You should also try to eliminate excess light exposure because it plays a central role in regulating your circadian rhythm. Light signals the body’s natural body clock when to rest and when to be alert. Light also suppresses melatonin production in the body, which is a hormone that promotes sleep. Additionally, work on eliminating noise, even if you have to drown noises by buying a white noise machine or by wearing earplugs.

Try Gentle Stretches Before Sleeping

Doing gentle stretches just before sleeping is known to be one of the best ways for back pain relief during sleep. This is because gentle stretches loosen tight muscles and increase blood flow. It also promotes the release of endorphins, providing a sense of tranquility and pleasure while reducing pain and discomfort.
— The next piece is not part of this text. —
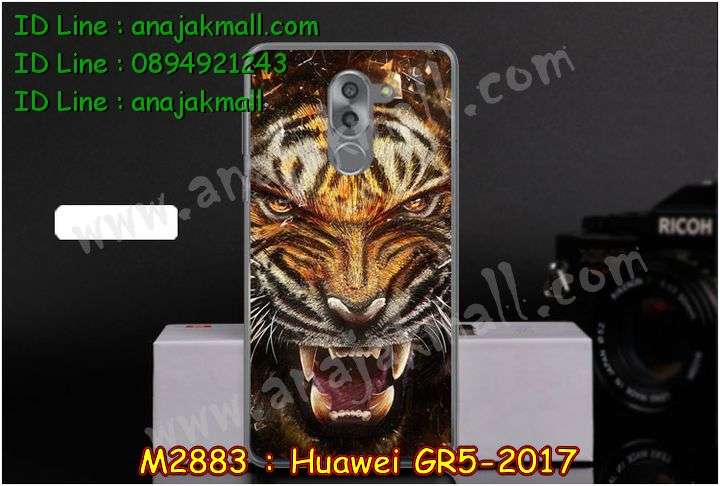 กรอบกันกระแทก Huawei gr5-2017,เคสสกรีนหัวเหว่ย gr5 (2017),รับพิมพ์ลายเคส Huawei gr5 (2017),เคสหนัง Huawei gr5 (2017),เคสไดอารี่ Huawei gr5 (2017),สั่งสกรีนเคส Huawei gr5 (2017),กรอบเพชรติดแหวน Huawei gr5 (2017),เคสโรบอทหัวเหว่ย gr5 (2017),กรอบพลาสติกสกรีน Huawei gr5-2017,เคสแข็งหรูหัวเหว่ย gr5 (2017),เคสโชว์เบอร์หัวเหว่ย gr5 (2017),เคสสกรีน 3 มิติหัวเหว่ย gr5 (2017),ซองหนังเคสหัวเหว่ย gr5 (2017),สกรีนเคสนูน 3 มิติ Huawei gr5 (2017),ฝาหลังกันกระแทก Huawei gr5-2017,เคสอลูมิเนียมสกรีนลายนูน 3 มิติ,เคสกันกระแทกยาง Huawei gr5 (2017),ฝาหลังยางกันกระแทก Huawei gr5 (2017),เคสพิมพ์ลาย Huawei gr5 (2017),เคสฝาพับ Huawei gr5 (2017),เคสกันกระแทก Huawei gr5 (2017),เคสหนังประดับ Huawei gr5 (2017),เคสแข็งประดับ Huawei gr5 (2017),เคสประดับเพชรติดแหวน Huawei gr5 (2017),เคสตัวการ์ตูน Huawei gr5 (2017),เคสซิลิโคนเด็ก Huawei gr5 (2017),เคสสกรีนลาย Huawei gr5 (2017),เคสลายนูน 3D Huawei gr5 (2017),รับทำลายเคสตามสั่ง Huawei gr5 (2017),เคสบุหนังอลูมิเนียมหัวเหว่ย gr5 (2017),สั่งพิมพ์ลายเคส Huawei gr5 (2017),เคสอลูมิเนียมสกรีนลายหัวเหว่ย gr5 (2017),บัมเปอร์เคสหัวเหว่ย gr5 (2017),เคสยางกันกระแทก Huawei gr5-2017,กรอบยางคริสตัลติดแหวน Huawei gr5 (2017),บัมเปอร์ลายการ์ตูนหัวเหว่ย gr5 (2017),เคสยางนูน 3 มิติ Huawei gr5 (2017),พิมพ์ลายเคสนูน Huawei gr5 (2017),เคสยางใส Huawei gr5 (2017),เคสโชว์เบอร์หัวเหว่ย gr5 (2017),สกรีนเคสยางหัวเหว่ย gr5 (2017),พิมพ์เคสยางการ์ตูนหัวเหว่ย gr5 (2017),ทำลายเคสหัวเหว่ย gr5 (2017),เคสยางหูกระต่าย Huawei gr5 (2017),เคสอลูมิเนียม Huawei gr5 (2017),เคสอลูมิเนียมสกรีนลาย Huawei gr5 (2017),เคสยางติดแหวนคริสตัล Huawei gr5 (2017),เคสแข็งลายการ์ตูน Huawei gr5 (2017),เคสยางติดแหวนเพชรคริสตัลหัวเหว่ย gr5 2017,เคสนิ่มพิมพ์ลาย Huawei gr5 (2017),เคสซิลิโคน Huawei gr5 (2017),เคสยางฝาพับหัวเว่ย gr5 (2017),เคสยางมีหู Huawei gr5 (2017),เคสประดับ Huawei gr5 (2017),เคสปั้มเปอร์ Huawei gr5 (2017),กรอบ 2 ชั้น กันกระแทก Huawei gr5 (2017),เคสตกแต่งเพชร Huawei gr5 (2017),หนังโชว์เบอร์ลายการ์ตูนหัวเหว่ย gr5 2017,สกรีนเคสฝาพับหัวเหว่ย gr5 2017,รับพิมพ์ฝาพับหัวเหว่ย gr5 2017,เคสขอบอลูมิเนียมหัวเหว่ย gr5 (2017),เคสแข็งคริสตัล Huawei gr5 (2017),เคสฟรุ้งฟริ้ง Huawei gr5 (2017),เคสฝาพับคริสตัล Huawei gr5 (2017)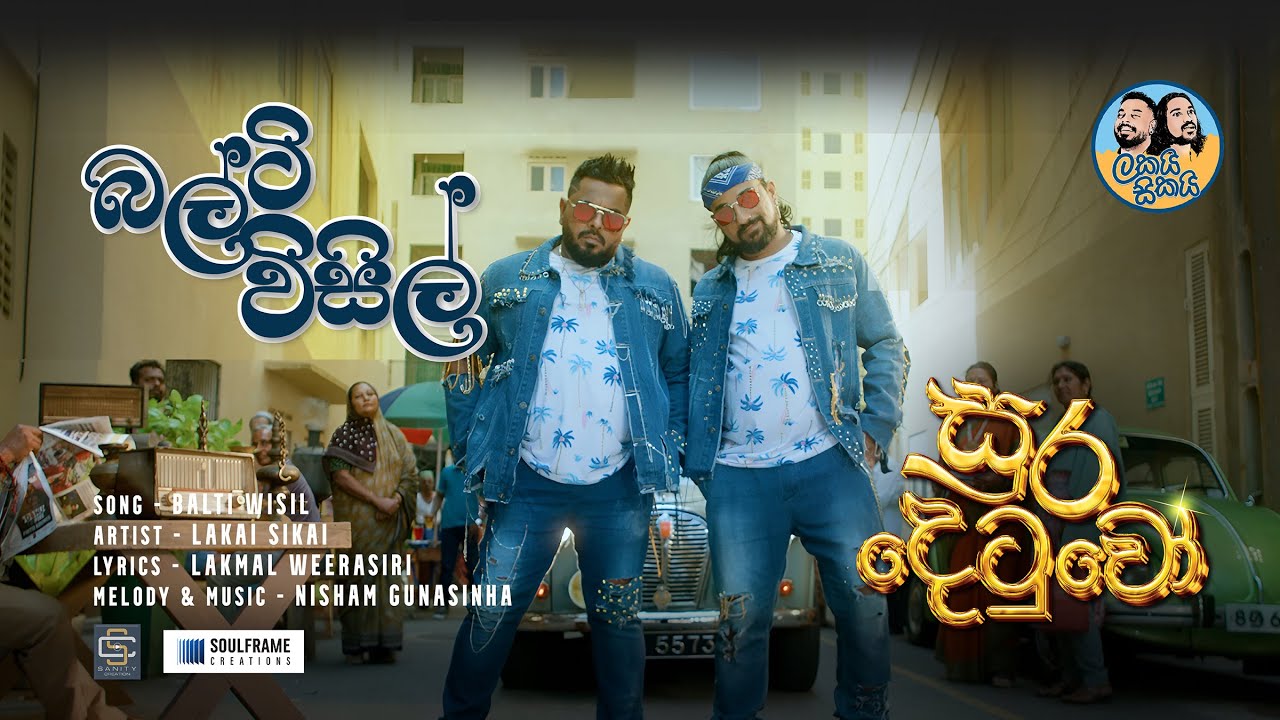 Bulty Wisil - බල්ටි විසිල් | Lakai Sikai Sura detuwo | ලකයි සිකයි සුරදෙටුවෝ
When stretching, remember to talk to your doctor about which routines are safe for you and which ones can potentially worsen back pain. In general, however, yoga is a safe physical activity. A study shows that over 55% of people who did yoga found that it helps in getting better sleep. For back pain, yoga can be particularly beneficial as it involves holding gentle poses that reduce muscle tension.

Key Takeaway

Back pain can be debilitating and have negative impacts on all aspects of life, including getting a good night’s rest. The tips above on how to sleep better with back pain do not have to be difficult to achieve. Small adjustments such as doing yoga before bed or making sure your bedroom is cool can have major benefits for you in the long run.